It happens. You get in the grocery line with just a few items, and the couple in front of you has a great, big, cart load – so, you settle in to wait. Then suddenly, the groceries go flying out of the bags, and the clerk is swiping codes again, to deduct items.
The man looks terribly uncomfortable. Apologizes profusely. Apparently, the clerk didn’t realize he was going to use a food stamps card – and he not only went over his limit, but bought some products that aren’t allowed, toilet paper, for example. I didn’t ask but had the sense the couple was new to government assistance, that perhaps something had happened to change their status in life. They seemed so shamed by the experience.
I hadn’t quite shaken that feeling of sadness from watching the couple’s struggles, when I spotted two people in the parking lot, pushing two carts, filled high with toilet paper. I had to ask: “Why in the world do you need that much toilet paper? Do you work on a fishing boat that’s headed out to sea?”
“No,” the woman said, as they hurriedly stashed rolls of paper into the back of what looked like a brand, new rental car. “We work on a yacht. We just pulled in,” she said.
“So how many people are on the yacht?” I asked. “Two people,” the woman said. “Two people? And all that toilet paper?” I questioned. “No, no,” she said. The two people are the owners of a yacht called the “Just B,” she clarified. “We’re a crew of fourteen, and we travel the world,” she said, as she pointed to the logo on her vest.
“What do you do on the yacht?” I asked. The woman explained that her companion, a man with an Australian accent, served as the Just B’s chef, and she was the yacht’s “interior supervisor.” Though I wondered what that meant, I didn’t ask. Maybe it was a glorified title for a housekeeper.
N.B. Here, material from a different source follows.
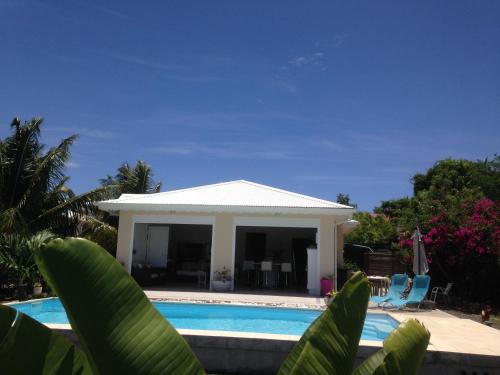 a villa with a swimming pool and a house at Chambre d'hôte Coeur-CoCo piscine in Saint-François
Later in the evening, I felt curious — and thought I go for a walk at the small boat harbor in search of the Just B. A fisherman had seen it out cruising around. He said it was a pretty big boat and likely at the City Dock.
So I drove to the dock, and there she was: a gleaming white, floating mansion. A room on the top deck was enclosed in glass. You could see exercise equipment inside. I wondered what it would be like to use the treadmill, gazing out onto the ocean.
I spotted one of the deck hands and called to him from the side of the dock. “Who owns this boat?” I asked. In his charming British accent, he politely declined to tell me — but did say he loved his job on the Just B, which he found on a SuperYacht listing. The young man said the Just B had come in from Hawaii. They had spent time in Kodiak, cruising the coast and got some amazing photos of bears with their drones.
Now this came as a surprise. He said the owners sail on the Just B for only a few weeks out of the year, but he was able to live and work on the yacht, year-round. He said there was enough work to keep the crew busy five days a week. He said they share sleeping quarters, but have a kitchen and a spacious living area.
From the dock, I could see a beautifully appointed outdoor living space on the lower deck of the stern, with nice sofas, big pillows. OK. Now I understand why the Just B needs an “interior supervisor.”
Suddenly I was distracted when a longliner pulled up next to the Just B — the Bristol Leader, a top cod fishing boat. The crew still had their rain pants on and were scrambling to wrap things up for the night.
The Bristol Leader and the Just B. Two ships in the night, so different in their respective missions. I pondered the contrast for a moment, and it all came down to this: No matter how rich, or how poor, we are the same in one way: we all need toilet paper.